Vouloir une Europe politique, c’est aussi accepter une Europe où la politique devient transnationale. C’est aussi se mettre au diapason d’un Parlement européen, où les différents groupes se constituent en fonction de l’appartenance partisane de leurs membres et non en celle de leur nationalité et passeport. A Strasbourg, on est d’abord membre du PPE, du groupe de « l’Alliance progressiste des socialistes et démocrates », des Verts ou de « la Gauche unitaire européenne ». Néanmoins, nombre d’électeurs ne l’ont pas toujours compris, persuadés à tort, que les solutions demeurent uniquement nationales. Que dire ici de ce slogan du « produire français » qui, comparaison faite avec celui du Parti communiste des années quatre-vingt ou de ceux du Front national, réveille certes quelques sentiments nationalistes mais, en vérité, s’éloigne à grands pas de l’engagement européen de son auteur !
La préférence nationale a toujours été une forme de démagogie. Aucune solution nationale ne peut aujourd’hui, d’une quelconque façon, mettre fin à la crise financière et économique qui paralyse l’Europe. Aucun pays ne peut à lui seul proposer un remède miracle pour que l’Union européenne retrouve enfin le chemin de la croissance et du plein-emploi. Allemagne, y compris. Car vouloir faire croire un seul instant que « le modèle allemand » puisse constituer à lui seul une panacée pour tous les pays membres de l’UE relève au mieux d’une naïveté, et plus vraisemblablement, d’une méconnaissance politiques que certains responsables français aiment désormais entretenir avant les présidentielles.
Le modele allemand ?
Mais cela ne suffit pas pour faire d’elle ce modèle qu’il faudrait absolument suivre. D’ailleurs, la France n’y a aucun intérêt. Elle se subordonnerait à l’Allemagne et diminuerait ipso facto son influence au sein de l’Europe. Entre un antigermanisme primaire et une germanophilie excessive, elle doit faire appel à d’autres atouts et à ses propres idées pour défendre une Europe dont le dessein et le destin ne sont pas obligatoirement ceux de Madame Merkel. Somme toute, Paris lui a fait trop de concessions ces derniers mois, sacrifiant par exemple sa proposition « d’un gouvernement économique » au profit d’une vague « gouvernance » dont l’esprit s’inscrit, de surcroît, dans une conception anglo-saxonne de l’exercice et de la pratique politiques. Ainsi, de cette « Merkosy » si souvent citée ces derniers temps, naît une impression de déséquilibre franco-allemand dont la chancelière peut se féliciter d’être la grande bénéficiaire.

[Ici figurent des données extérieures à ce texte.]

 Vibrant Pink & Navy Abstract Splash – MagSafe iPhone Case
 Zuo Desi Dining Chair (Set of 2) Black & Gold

Revêtue de ce costume, elle se rendra dans les meetings de l’UMP. Elle y sera acclamée et accueillie à bras ouverts. Elle vantera ses succès économiques et taira ses échecs sociaux. Elle se présentera comme l’amie d’une France dont elle sait fort bien qu’elle a pris l’ascendant sur elle. Qu’il soit alors permis à quelques observateurs d’être plus réticents à son égard. Non pas pour son soutien à ses amis politiques, ce qui est légitime, mais pour sa conception de la relation franco-allemande et celle de l’Europe que beaucoup ne partagent pas. Car critiquer ouvertement la chancelière, c’est aussi, et d’une certaine manière, faire preuve d’un esprit civique européen.